Four things we’ve learned from the experts
As one of the London Marathon’s newest sponsors, trainer and sportswear brand New Balance recently ran an interesting piece of content delving into those vital parts of marathon training that often go overlooked.
A guide on the ‘variables of victory’, it looked at how embarking on a series of miniscule ‘wins’ in the run up to the race can make you all the more likely to succeed on the day. They covered the obvious things like nutrition and exercise, but what was most interesting was their take on psychology in relation to marathon training.
Enlisting the help of psychologist Jo Davies, the guide tells all about those daunting mental battles we’ll undoubtedly find ourselves facing during training, and how to overcome them. Here are four things we’ve learned.
1) When marathon training, it’s important to set goals – and lots of them
You should think about goals as stepping stones in the months and weeks running up to the marathon. They’re the things that are going to get you from A (not prepared at all) to B (trained, capable and raring to go).
Whether you set yourself small, achievable tasks to do with your pacing, running technique, or breathing, or simply make more of passing key landmarks on your runs, defining realistic, tangible goals will help break your training and races up.
Without them, you’ll soon find yourself overwhelmed by the size of the task at hand. But with them, things will feel genuinely achievable. It can really help to write your goals down too, in order to make them feel that bit more real.
2) It’s vital to keep the ‘why’ in mind at all times, especially when in doubt
When the going gets tough, either during training runs, tapering, or on race day itself, remembering why you’re running can provide an extra motivational boost. Consider what’s really fuelling you and use that to spur you on – whether it’s a special person or cause, or the amazing sense of self-satisfaction you’ll have when you finish.
By reminding yourself of why you signed up to do the race in the first place, you’ll keep yourself grounded and won’t lose sight of things.
3) Practicing mindfulness can be a great way to mentally prepare for a marathon
Practicing mindfulness is a great way to connect with your body and live in the moment, rather than panicking about what’s ahead.
Instead of questioning your body’s readiness, spend some time appreciating ‘living’ and ‘being’ in your body as it is, in the present moment. You might choose to enjoy a walk somewhere different, take a gentle swim, or search out some short mindfulness audios (there are plenty of resources online) that will allow you check in with your body via breathing exercises or a body scan.
This should help you to maintain a sense of calm throughout training, and keep you focused on your goals.

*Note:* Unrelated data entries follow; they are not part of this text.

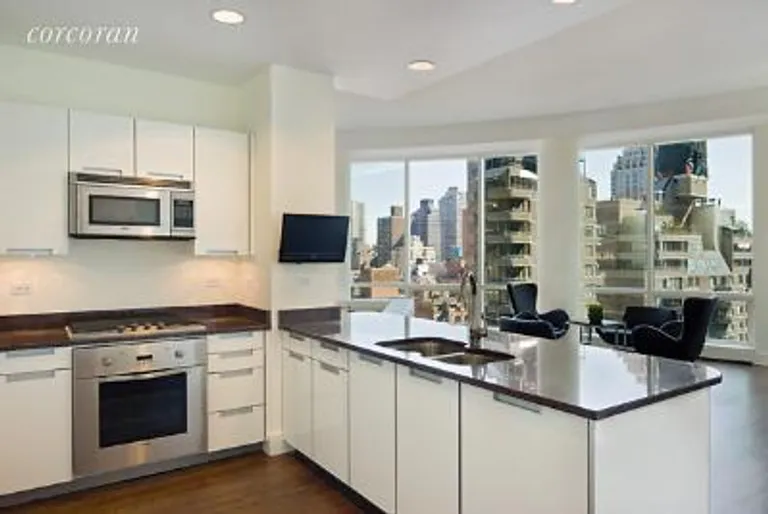 New York City Real Estate | View 250 East 49th Street, 18CD | room 1 | View 2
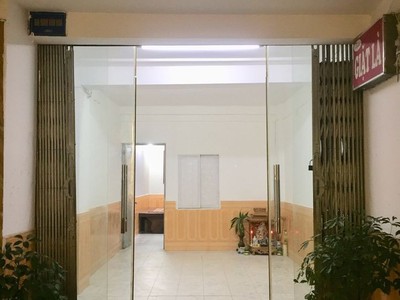 Cần người phụ bán đồ uống tại cửa hàng 1255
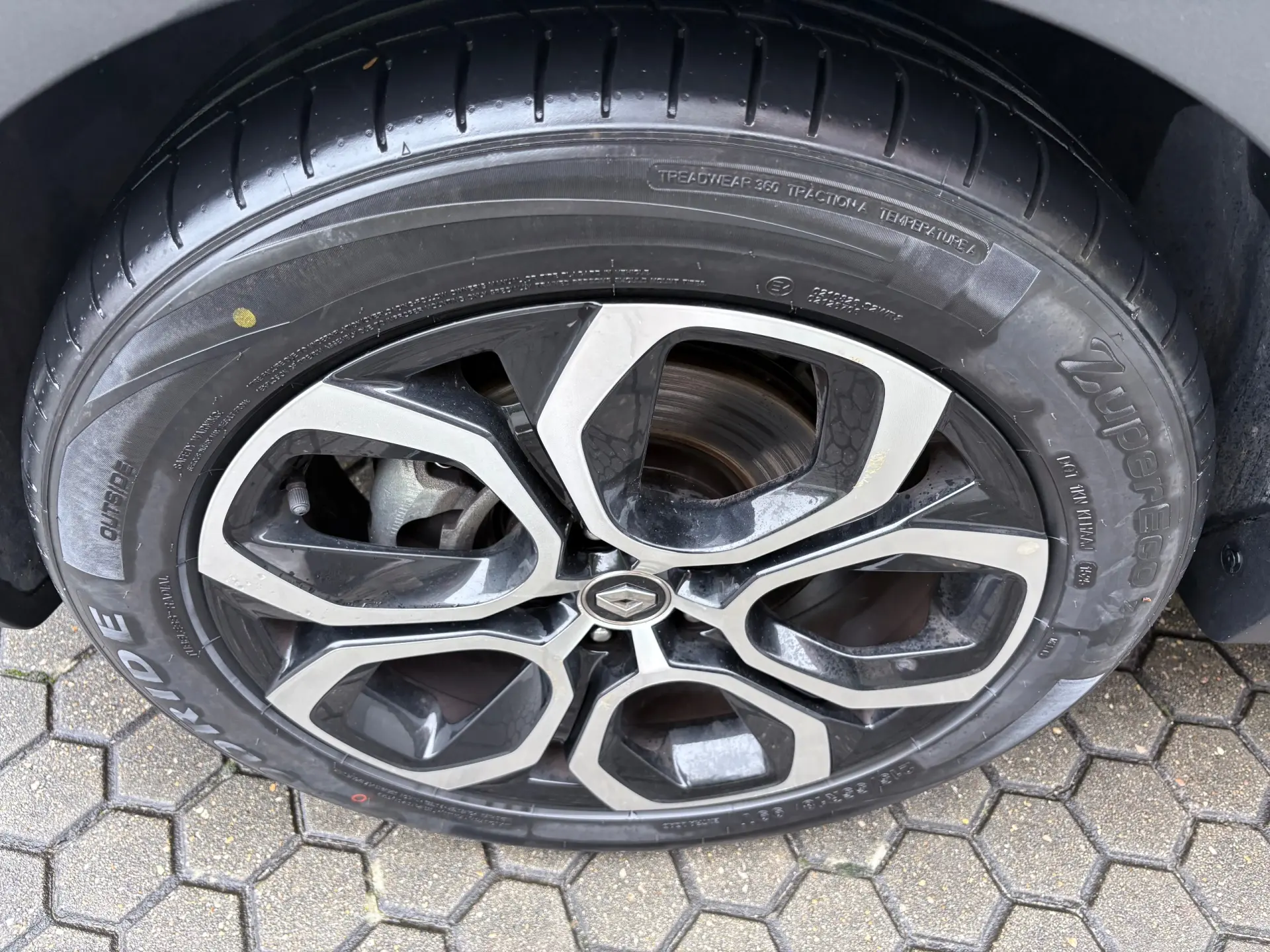 Renault Arkana 1.6 E-Tech Intens 12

4) You need to learn to acknowledge your worries, not ignore them
One of the hardest things to get around during training is the onslaught of negative thoughts that can hit you either before a run, during it or after. The fact is, most of us have a tendency to beat ourselves up instead of congratulating ourselves on our achievements, or encouraging ourselves with positive thoughts.
But that’s not to say we’re abnormal in any way – in fact we wouldn’t be human if we didn’t have negative thoughts somewhere along the way. The trick, then, is not to try to ignore them or pretend they don’t exist, but to acknowledge them and deal with them head on.

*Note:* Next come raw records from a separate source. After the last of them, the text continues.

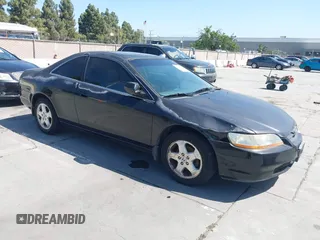 2000 Honda Accord EX z VIN 1HGCG2255YA001116, wystawiony jako IAAI lot #42397180 z przebiegiem 209 915 mil mil oraz . Historia ofert i sprzedaży dostępna na DreamBid. Obrazek 1.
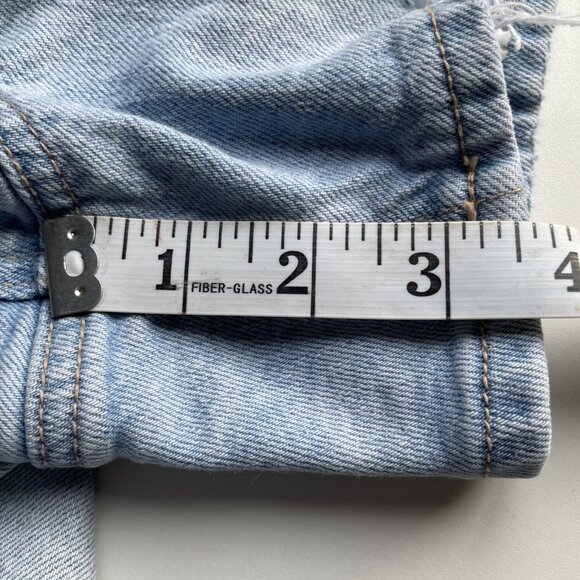 American Eagle Relaxed Short Women's 4 Light Wash Denim Raw Hem Stretch Strigid - Picture 11 of 11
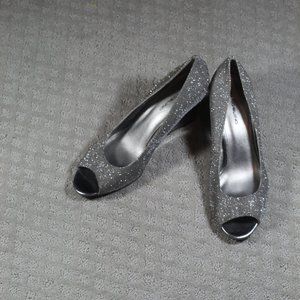 Bandolino Size 8 Sparkly Wedge Peep Toe 3" Heels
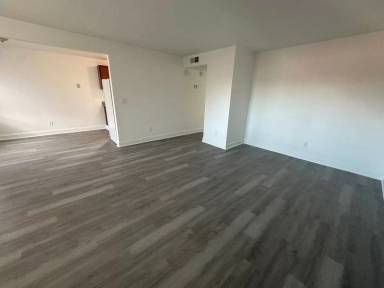 Main picture of 1948 Country Club Ct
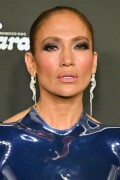 Jennifer-Lopez-ELLEs-Women-in-Hollywood---December-5-2023-8387f3183d79cee6bc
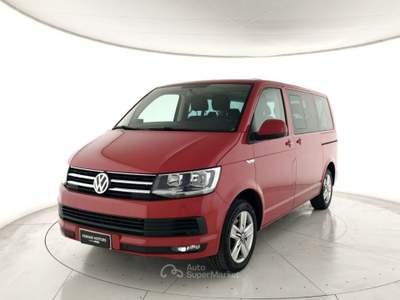 Volkswagen Caravelle Caravelle 2.0 tdi 150cv dsg comfortline Rosso usata Porto Mantovano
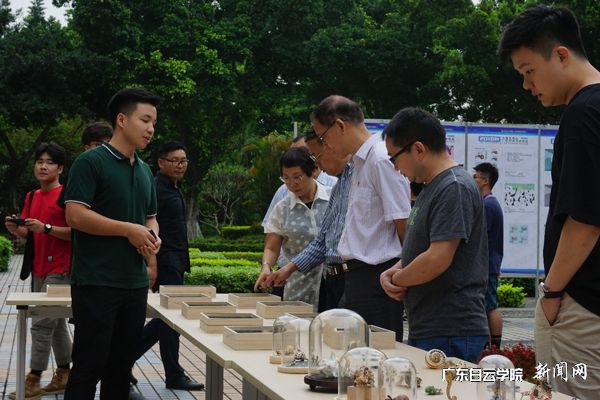 v2veo4Oe_jw0qIbtpYyPL4UPg474MzNiLSbw62E8c&oid=2103874463&tid=1341&nid=135951&e= 校向导旅行展览600.jpg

Try talking to a friend about your concerns, and listen to their advice. It can also help to write down a list of some of your recurring negative thoughts, and then write down a list of positive or motivational words that can counteract these misconceptions, such as ‘yes I can’ and ‘breath it in, run it out’. You can then practice these mantras on race day itself.
Don’t underestimate your mental marathon training
Training for a marathon is one of the most daunting and challenging things you’ll likely undertake in your life – but what that means is that the sense of reward at the end will be all the more sweet.
Just be sure not to underestimate the importance of mental training alongside the physical stuff. That way, you’ll be more than equipped to tackle the race, and have a good time doing it too.